On ne naît pas soumise, on le devient, Manon Garcia

Chronique du livre "On ne naît pas soumise, on le devient". de Manon Garcia.

Tout le monde connaît la phrase de Simone de Beauvoir, « on ne naît pas femme, on le devient ».

Je dois le dire, je suis une très mauvaise féministe (bouuuuh) car je n’ai jamais fini Le Deuxième Sexe de Simone de Beauvoir. Je l’ai entamé il y a plusieurs années quand j’ai commencé à m’intéresser au féminisme et disons le clairement je crois que je n’étais pas prête, pas assez informée sur le féminisme, pas assez déconstruite. Je l’ai pris comme je n’aurais pas dû le prendre : la base du féminisme, quelque chose que je devais absolument lire si je voulais me dire féministe et y comprendre quelque chose.

Or, il fallait le prendre comme il était : un essai philosophique. Simone de Beauvoir était philosophe. J’ai beaucoup tendance à voir le féminisme seulement sous le prisme de la sociologie alors qu’il englobe également d’autres matières et qu’on peut le réfléchir aussi sous le prisme de ces autres matières.

Manon Garcia est philosophe. Elle a seulement 33 ans et une carrière déjà impressionnante. Elle nous livre ici une analyse de texte du livre de Simone de Beauvoir. Elle analyse la soumission et pourquoi les femmes se soumettent. (Vidéo résumé à la fin)

Pourquoi les femmes se soumettent ? 

Manon Garcia s’interroge sur la soumission. Elle prend tout de suite un point de vue innovant : elle étudie la domination des femmes du point de vue des femmes, dans ce qu’elle peut avoir d’aliénant et de séduisant.

« Face à un système social patriarcal, se soumettre à ce système est parfois la meilleure option. »

« Etudier la soumission des femmes depuis le point de vue des femmes, ce n’est pas dire que seules les femmes auraient une responsabilité de la permanence de la domination masculine, c’est au contraire démontrer ce que la domination masculine fait aux femmes. »

Tout le sujet du livre est de répondre à cette question : « pourquoi les femmes se soumettent ? ».

Avant de conclure et d’y répondre, Manon Garcia doit passer par de multiples explications et analyses.

Essentialisme versus constructivisme

Elle rappelle que Beauvoir n’est pas essentialiste (je vais revenir sur ce terme) mais Beauvoir ne considère pas pour autant que tout est socialement construit. Dans la pensée de Beauvoir c’est plus complexe que ça.

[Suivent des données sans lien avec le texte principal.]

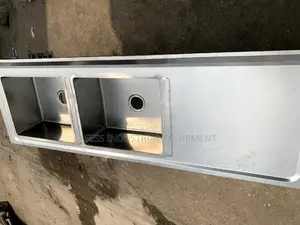 Double Sink With Side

Être essentialiste cela signifie considérer qu’il y a des comportements, des défauts, des qualités, intrinsèquement liés au fait d’être une femme (et inversement, il y aurait des défauts, des qualités, des comportement typiquement féminins). Exemple : si les femmes s’occupent des enfants c’est parce que c’est dans leur gênes, c’est leur « essence ».

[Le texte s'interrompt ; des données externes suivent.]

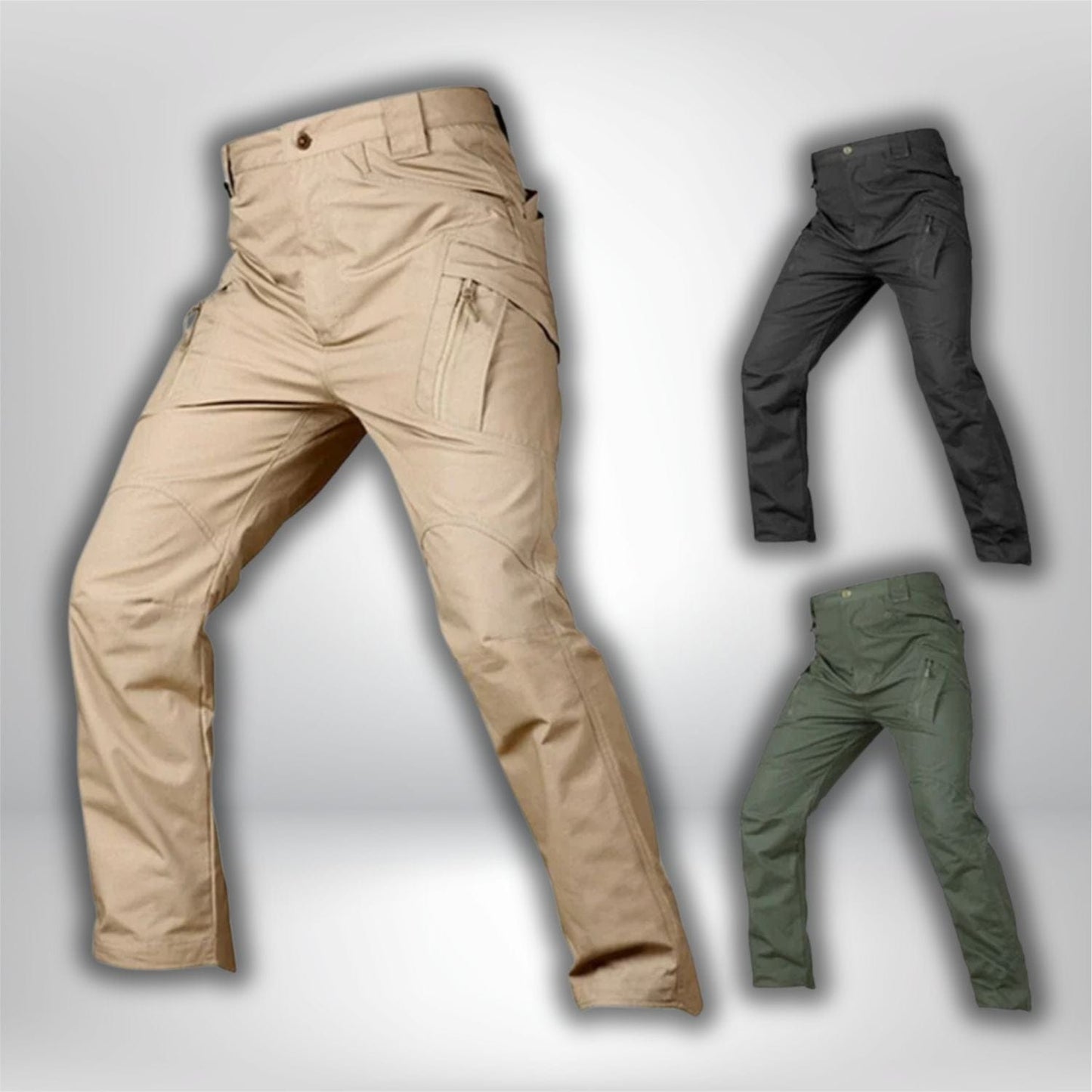 Pantalon tactique extensible, respirant et thermique "Phénix-P"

On peut poser des questions essentialistes - « qu’est ce qu’être une femme ? » - sans y apporter de réponse essentialiste. 

La philosophie de Beauvoir est existentialiste : l’existence de l’être humain précède son essence. Ce qui fait un être humain c'est la société dans laquelle il vit.
Ce qu’est la femme ne vient pas d’une essence qui lui préexiste mais de la façon dont elle vit dans le monde (le fameux « on ne naît pas femme, on le devient ».)

Le constructivisme social se situe à l’extrême opposé de l’essentialisme : c’est considérer que tout est socialement construit. Exemple : si les femmes s’occupent des enfants c’est parce que la société leur a appris qu’elles devaient le faire.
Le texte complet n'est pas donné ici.